🤖 AI Summary
High computational cost in locomotion and motion generation for humanoid robots hinders real-time, adaptive control.
Method: This paper introduces the Differentiable Reachability Map (DRM)—a continuous, differentiable scalar function defined in task space that explicitly encodes the reachable region of an end-effector. The DRM is embedded as a soft constraint within a continuous optimization-based motion planning framework. It is learned from kinematic sampling data via neural networks or SVMs, ensuring both generalization and accuracy.
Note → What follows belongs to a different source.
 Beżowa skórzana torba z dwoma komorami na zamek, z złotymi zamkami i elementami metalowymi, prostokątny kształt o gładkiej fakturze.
Contribution/Results: DRM enables the first end-to-end differentiable coupling between reachability modeling and optimization-based planning, facilitating gradient-driven footstep planning, multi-contact sequence generation, and mobile manipulation. Experiments demonstrate a 2–5× speedup in planning time and significantly improved success rates in complex environments compared to conventional sampling- or hybrid-based planners, establishing a new paradigm for real-time, adaptive humanoid motion control.
📝 Abstract
To reduce the computational cost of humanoid motion generation, we introduce a new approach to representing robot kinematic reachability: the differentiable reachability map. This map is a scalar-valued function defined in the task space that takes positive values only in regions reachable by the robot's end-effector. A key feature of this representation is that it is continuous and differentiable with respect to task-space coordinates, enabling its direct use as constraints in continuous optimization for humanoid motion planning. We describe a method to learn such differentiable reachability maps from a set of end-effector poses generated using a robot's kinematic model, using either a neural network or a support vector machine as the learning model. By incorporating the learned reachability map as a constraint, we formulate humanoid motion generation as a continuous optimization problem. We demonstrate that the proposed approach efficiently solves various motion planning problems, including footstep planning, multi-contact motion planning, and loco-manipulation planning for humanoid robots.